__Work item__
Restate exactly, please, each line of the listing from the one with "Toyota PRIUS V" to the last, including both.

__Exercise input__

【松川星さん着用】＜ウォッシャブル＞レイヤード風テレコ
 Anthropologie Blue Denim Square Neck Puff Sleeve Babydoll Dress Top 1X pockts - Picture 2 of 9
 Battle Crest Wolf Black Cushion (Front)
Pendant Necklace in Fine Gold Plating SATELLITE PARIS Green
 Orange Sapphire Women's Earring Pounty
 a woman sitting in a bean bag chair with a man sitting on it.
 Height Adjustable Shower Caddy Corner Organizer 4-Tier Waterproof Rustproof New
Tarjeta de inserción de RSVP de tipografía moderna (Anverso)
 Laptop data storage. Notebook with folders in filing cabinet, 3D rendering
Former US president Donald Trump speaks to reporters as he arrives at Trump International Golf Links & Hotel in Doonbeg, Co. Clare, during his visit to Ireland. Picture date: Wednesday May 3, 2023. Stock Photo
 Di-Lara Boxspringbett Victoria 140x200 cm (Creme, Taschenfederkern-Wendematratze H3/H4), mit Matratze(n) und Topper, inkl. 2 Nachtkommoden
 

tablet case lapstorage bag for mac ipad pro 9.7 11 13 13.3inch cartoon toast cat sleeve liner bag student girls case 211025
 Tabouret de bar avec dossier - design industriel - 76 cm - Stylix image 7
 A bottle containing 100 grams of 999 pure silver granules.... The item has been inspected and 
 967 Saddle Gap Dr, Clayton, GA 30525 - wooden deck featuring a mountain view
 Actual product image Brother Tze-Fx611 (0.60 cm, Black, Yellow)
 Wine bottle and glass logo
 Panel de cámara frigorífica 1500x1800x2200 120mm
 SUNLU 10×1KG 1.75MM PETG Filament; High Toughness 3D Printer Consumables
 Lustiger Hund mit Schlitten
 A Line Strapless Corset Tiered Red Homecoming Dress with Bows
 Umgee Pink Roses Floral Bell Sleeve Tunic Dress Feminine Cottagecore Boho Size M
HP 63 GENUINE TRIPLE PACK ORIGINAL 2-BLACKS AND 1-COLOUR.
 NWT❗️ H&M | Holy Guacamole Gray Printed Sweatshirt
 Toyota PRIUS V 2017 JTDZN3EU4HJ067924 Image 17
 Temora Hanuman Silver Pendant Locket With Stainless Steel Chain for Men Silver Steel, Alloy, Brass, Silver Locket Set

__Task result__
 Toyota PRIUS V 2017 JTDZN3EU4HJ067924 Image 17
 Temora Hanuman Silver Pendant Locket With Stainless Steel Chain for Men Silver Steel, Alloy, Brass, Silver Locket Set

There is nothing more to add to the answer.